Hasretini hep içinde taşıdığı Nusaybin’de defnedilen Evin’den bir buçuk yıldır haber alamadığını söyleyen anne Türkan Öz, Evin için onlarca yere başvuru yaptıklarını ancak tüm başvurularının cevapsız kaldığını söyledi. İnternette gördükleri haberler üzerine Cizre’ye gittiklerini söyleyen Türkan, “Kan örneğimizi verdik. Kan verdikten 50 gün sonra da bizi aradılar ve ‘gelin cenazenizi alın’ dediler. İki gün orada kaldık.
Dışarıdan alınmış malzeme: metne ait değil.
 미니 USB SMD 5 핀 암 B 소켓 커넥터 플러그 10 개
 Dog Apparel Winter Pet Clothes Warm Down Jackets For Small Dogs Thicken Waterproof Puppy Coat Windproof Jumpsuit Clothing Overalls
Bizi çok farklı yerlere gönderdiler. Sırf acımızın üzerine acı katmak için günlerce oyaladılar. Daha önceden Evin’in hayatını kaybettiğini bilseydik kan vermeye giderdik. Ancak tahmin etmiyorduk” dedi.
Her genci ona benzetiyordum
Televizyonlarda Cizre bodrumlarını her gördüğünde yüreğinin parçalandığını ve gördüğü her genci kızına benzettiğini söyleyen Türkan, “Gördüğüm herkese onun gibi, onun yaşında diyordum. Bundan bir yıl önce gittim. Aslında bana dediler fotoğrafı ver bakalım ama kimse bana burada demedi. Listede adı da çıkmamıştı. Onun bodrumlarda öldüğünü görünce dünyam başıma yıkıldı. Onunla en son konuşmamız da telefonla olmuştu. Bir daha da ondan haber alamadım zaten. İki defa Van’a gidip geldim. Belki bir şey bulurum diye ama olmadı” ifadelerini kullandı.